What you need to do —
Leave the images aside and repeat the whole listing exactly.

*** Opening of Dataset section ***

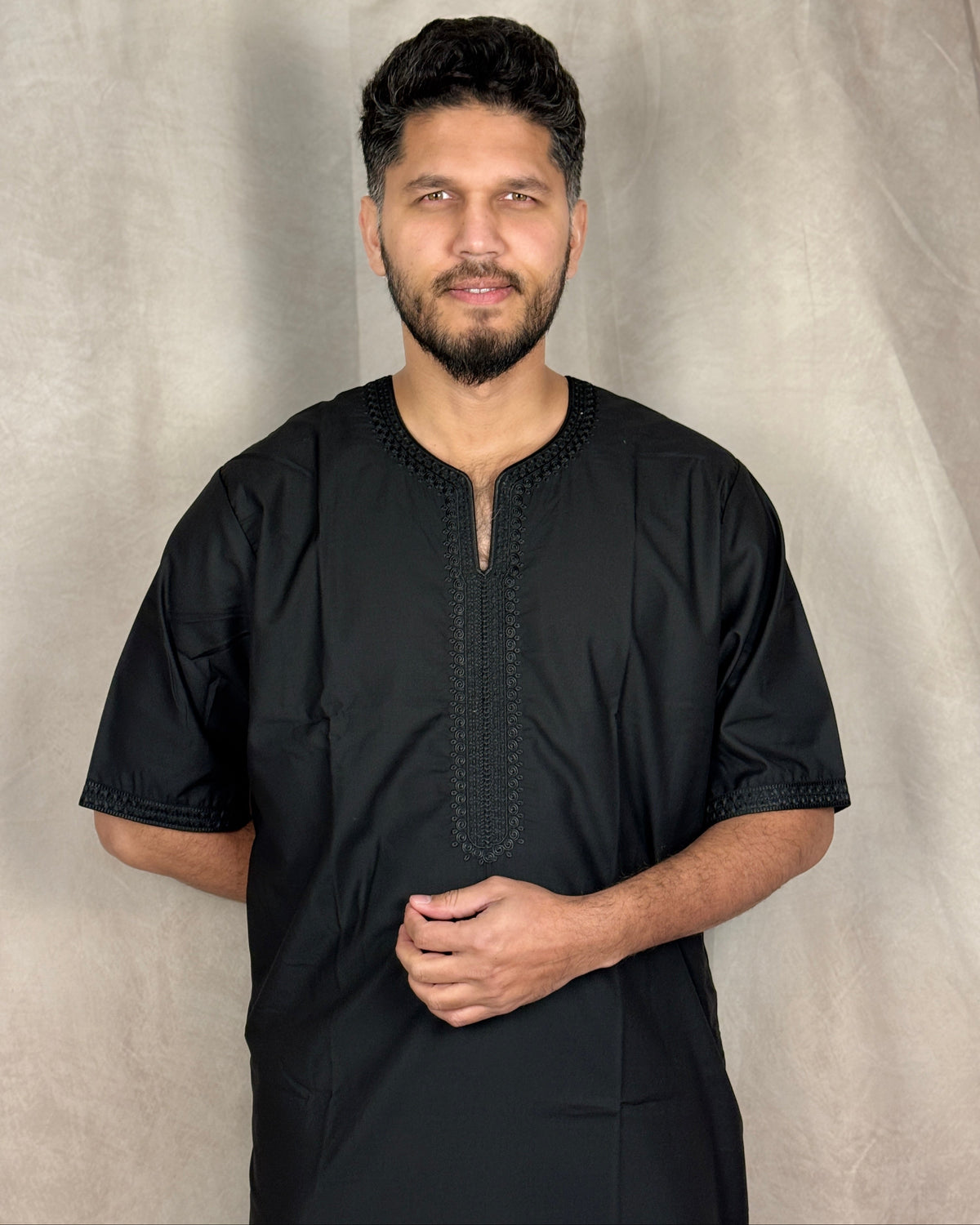 Timeless Moroccan Elegance – Men's Short Sleeve Viscose Thobe – 01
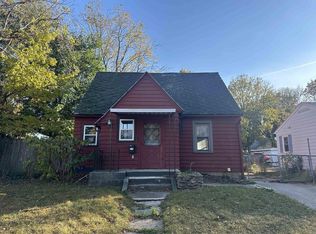 1546 Farwell St, Beloit, WI 53511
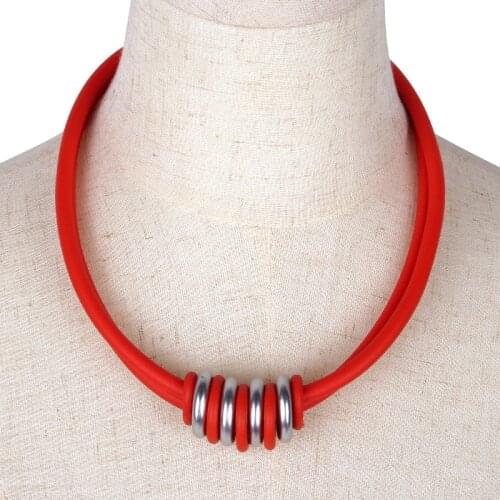 YD&YDBZ New Metal Circle Pendant Necklaces For Women Multicolor Silicone Rubber Statement Necklace Sweater Chain Costume Jewelry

*** Close of Dataset section ***

Answer to this exercise —
 Timeless Moroccan Elegance – Men's Short Sleeve Viscose Thobe – 01
 1546 Farwell St, Beloit, WI 53511
 YD&YDBZ New Metal Circle Pendant Necklaces For Women Multicolor Silicone Rubber Statement Necklace Sweater Chain Costume Jewelry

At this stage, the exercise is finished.